→ STORED DATA
^^^^^^^^

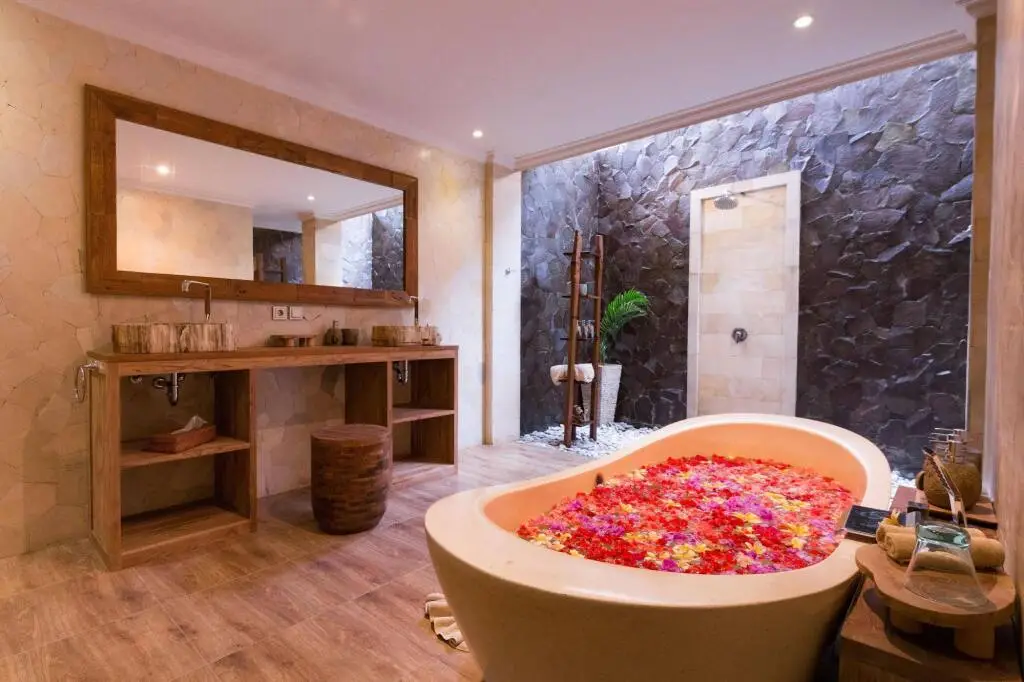 Убуд: Kutus Kutus Mas Ubud Villa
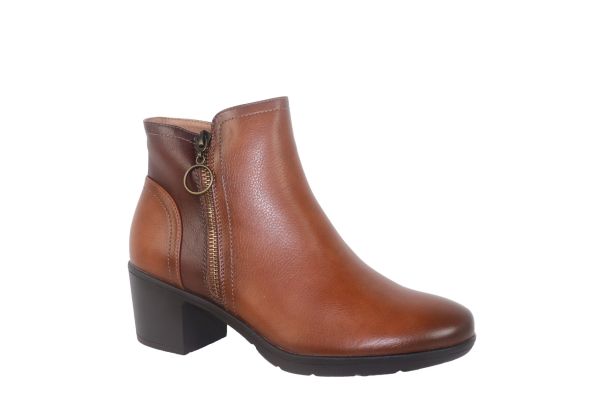 Koniarisshoes Γυναικείο Μποτάκι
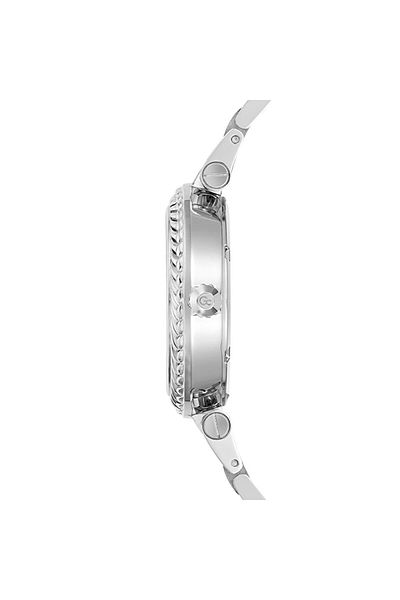 Guess Collection Gcz41003l1mf Women's Wristwatch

^^^^^^^^

Please reproduce the lines above from the one containing "Koniarisshoes Γυναικείο Μποτάκι" through the final line, exactly and inclusively, leaving out each picture.

 Koniarisshoes Γυναικείο Μποτάκι
 Guess Collection Gcz41003l1mf Women's Wristwatch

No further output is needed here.